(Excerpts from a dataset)
==============================
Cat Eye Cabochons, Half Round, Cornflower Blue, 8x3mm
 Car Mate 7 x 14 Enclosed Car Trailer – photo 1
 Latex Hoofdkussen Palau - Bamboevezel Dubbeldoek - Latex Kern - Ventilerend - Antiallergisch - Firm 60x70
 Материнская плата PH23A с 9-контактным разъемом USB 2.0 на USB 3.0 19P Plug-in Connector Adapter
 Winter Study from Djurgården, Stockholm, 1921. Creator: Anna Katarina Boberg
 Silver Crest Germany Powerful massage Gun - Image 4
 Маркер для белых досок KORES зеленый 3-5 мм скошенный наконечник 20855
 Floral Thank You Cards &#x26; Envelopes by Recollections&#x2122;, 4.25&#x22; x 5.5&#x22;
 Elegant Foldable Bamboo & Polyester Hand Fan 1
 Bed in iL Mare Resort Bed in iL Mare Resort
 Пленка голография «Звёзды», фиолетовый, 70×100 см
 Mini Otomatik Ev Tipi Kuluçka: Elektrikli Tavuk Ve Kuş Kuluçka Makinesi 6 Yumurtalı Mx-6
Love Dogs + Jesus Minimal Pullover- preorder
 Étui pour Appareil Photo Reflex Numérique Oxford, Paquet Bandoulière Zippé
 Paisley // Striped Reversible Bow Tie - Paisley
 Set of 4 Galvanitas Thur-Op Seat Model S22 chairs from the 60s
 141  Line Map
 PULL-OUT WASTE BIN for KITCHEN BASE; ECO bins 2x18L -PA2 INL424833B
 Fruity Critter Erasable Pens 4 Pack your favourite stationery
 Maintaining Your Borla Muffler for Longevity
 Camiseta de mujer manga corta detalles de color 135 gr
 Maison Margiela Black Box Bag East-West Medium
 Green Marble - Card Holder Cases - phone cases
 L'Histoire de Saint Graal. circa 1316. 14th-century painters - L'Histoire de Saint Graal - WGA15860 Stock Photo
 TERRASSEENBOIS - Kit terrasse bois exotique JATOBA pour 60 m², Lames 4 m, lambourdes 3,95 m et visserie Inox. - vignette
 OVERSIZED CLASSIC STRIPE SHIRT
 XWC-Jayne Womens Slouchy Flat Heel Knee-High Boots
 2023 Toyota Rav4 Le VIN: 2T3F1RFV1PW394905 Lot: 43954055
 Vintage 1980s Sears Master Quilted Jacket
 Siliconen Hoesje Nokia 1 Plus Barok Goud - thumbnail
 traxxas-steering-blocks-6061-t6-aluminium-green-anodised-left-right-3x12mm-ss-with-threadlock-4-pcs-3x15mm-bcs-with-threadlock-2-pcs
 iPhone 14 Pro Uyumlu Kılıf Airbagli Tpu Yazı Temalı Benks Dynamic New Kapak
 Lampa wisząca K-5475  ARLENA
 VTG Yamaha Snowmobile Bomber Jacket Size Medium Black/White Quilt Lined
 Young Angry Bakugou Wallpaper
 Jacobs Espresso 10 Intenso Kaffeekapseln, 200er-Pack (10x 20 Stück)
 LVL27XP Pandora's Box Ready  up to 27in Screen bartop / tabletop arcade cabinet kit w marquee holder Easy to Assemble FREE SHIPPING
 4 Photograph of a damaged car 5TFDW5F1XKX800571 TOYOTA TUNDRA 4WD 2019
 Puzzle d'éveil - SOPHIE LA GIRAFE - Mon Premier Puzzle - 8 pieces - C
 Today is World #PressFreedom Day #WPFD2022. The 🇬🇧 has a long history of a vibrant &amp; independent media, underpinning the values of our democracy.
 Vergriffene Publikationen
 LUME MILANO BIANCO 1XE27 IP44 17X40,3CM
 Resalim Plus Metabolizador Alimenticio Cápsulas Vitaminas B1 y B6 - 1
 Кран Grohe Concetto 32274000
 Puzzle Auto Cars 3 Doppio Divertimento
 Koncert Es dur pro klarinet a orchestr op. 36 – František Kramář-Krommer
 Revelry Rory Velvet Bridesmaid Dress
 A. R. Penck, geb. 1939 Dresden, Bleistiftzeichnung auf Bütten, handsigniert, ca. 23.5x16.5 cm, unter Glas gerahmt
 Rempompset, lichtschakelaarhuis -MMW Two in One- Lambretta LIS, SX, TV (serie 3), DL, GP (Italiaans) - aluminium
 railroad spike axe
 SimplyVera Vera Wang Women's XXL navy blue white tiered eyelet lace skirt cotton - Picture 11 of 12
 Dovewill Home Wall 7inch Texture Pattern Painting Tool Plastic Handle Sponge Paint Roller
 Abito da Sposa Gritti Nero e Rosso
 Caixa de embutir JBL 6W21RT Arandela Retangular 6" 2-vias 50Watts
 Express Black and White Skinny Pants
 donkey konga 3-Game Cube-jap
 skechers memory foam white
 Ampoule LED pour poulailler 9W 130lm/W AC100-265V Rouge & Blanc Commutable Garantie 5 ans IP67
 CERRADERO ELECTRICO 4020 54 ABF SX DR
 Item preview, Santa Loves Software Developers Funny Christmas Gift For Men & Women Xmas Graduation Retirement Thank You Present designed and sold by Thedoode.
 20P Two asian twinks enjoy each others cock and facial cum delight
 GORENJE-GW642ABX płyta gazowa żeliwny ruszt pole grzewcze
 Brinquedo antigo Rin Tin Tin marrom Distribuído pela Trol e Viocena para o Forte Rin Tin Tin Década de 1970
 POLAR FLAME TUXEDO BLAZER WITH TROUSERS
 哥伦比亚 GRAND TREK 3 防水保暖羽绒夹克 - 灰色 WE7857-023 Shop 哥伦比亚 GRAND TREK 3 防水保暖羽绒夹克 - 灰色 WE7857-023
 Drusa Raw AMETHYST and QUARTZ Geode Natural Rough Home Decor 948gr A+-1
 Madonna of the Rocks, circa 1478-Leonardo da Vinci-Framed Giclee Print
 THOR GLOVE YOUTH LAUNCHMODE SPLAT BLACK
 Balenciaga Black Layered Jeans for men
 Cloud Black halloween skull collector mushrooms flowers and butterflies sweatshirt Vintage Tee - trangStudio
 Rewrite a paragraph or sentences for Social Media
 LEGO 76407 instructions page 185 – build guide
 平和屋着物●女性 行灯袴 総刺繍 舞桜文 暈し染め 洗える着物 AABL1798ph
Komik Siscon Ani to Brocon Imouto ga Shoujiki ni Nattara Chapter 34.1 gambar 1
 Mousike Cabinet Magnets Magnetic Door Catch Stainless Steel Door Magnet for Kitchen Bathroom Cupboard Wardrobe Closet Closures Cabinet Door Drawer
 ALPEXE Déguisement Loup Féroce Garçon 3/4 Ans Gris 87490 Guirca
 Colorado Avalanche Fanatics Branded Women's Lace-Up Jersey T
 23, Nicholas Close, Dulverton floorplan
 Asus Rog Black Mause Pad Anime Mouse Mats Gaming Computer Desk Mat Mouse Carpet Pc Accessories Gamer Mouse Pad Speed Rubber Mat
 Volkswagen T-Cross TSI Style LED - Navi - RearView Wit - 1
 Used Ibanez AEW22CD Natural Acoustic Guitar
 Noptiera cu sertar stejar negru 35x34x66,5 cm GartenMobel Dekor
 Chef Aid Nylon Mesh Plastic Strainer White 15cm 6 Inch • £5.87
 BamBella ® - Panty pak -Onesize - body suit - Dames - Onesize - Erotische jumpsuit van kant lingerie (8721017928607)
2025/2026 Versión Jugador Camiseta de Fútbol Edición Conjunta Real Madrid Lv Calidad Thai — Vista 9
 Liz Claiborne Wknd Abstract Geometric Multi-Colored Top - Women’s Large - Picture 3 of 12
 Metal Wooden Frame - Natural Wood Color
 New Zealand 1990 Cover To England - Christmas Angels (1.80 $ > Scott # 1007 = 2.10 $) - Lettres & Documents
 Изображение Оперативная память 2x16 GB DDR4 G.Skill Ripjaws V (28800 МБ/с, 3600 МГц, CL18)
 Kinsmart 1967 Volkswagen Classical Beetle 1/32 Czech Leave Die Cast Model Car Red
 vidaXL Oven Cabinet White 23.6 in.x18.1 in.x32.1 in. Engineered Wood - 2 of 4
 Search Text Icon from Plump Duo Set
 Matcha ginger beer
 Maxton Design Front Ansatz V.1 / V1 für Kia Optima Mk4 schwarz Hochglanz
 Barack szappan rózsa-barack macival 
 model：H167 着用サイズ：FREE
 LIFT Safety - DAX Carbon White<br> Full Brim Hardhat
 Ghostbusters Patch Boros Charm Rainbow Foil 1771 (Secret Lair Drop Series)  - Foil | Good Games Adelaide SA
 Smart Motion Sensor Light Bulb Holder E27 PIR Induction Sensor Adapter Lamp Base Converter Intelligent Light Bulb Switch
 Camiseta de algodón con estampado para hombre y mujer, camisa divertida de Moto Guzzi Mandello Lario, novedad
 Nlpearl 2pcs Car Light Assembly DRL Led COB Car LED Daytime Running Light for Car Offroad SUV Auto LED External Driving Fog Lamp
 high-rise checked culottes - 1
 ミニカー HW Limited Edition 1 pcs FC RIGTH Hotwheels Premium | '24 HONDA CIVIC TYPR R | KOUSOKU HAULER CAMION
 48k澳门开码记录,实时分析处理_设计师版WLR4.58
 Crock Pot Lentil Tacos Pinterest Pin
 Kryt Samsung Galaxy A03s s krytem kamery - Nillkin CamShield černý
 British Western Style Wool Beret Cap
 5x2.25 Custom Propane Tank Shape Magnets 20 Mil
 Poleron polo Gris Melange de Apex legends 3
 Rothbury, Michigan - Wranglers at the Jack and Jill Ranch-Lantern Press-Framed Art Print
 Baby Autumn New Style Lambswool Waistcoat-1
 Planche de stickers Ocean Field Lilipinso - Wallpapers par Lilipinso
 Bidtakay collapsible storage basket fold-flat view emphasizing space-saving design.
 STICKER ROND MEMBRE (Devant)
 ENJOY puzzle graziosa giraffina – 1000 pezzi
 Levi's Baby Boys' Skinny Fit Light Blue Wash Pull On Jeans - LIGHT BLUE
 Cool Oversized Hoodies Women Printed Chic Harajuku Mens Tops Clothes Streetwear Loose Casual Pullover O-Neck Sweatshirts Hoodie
==============================
[Task statement] In the data above, copy every line where the string "Natural" appears.

[Solution]
 Drusa Raw AMETHYST and QUARTZ Geode Natural Rough Home Decor 948gr A+-1
 Used Ibanez AEW22CD Natural Acoustic Guitar
 Metal Wooden Frame - Natural Wood Color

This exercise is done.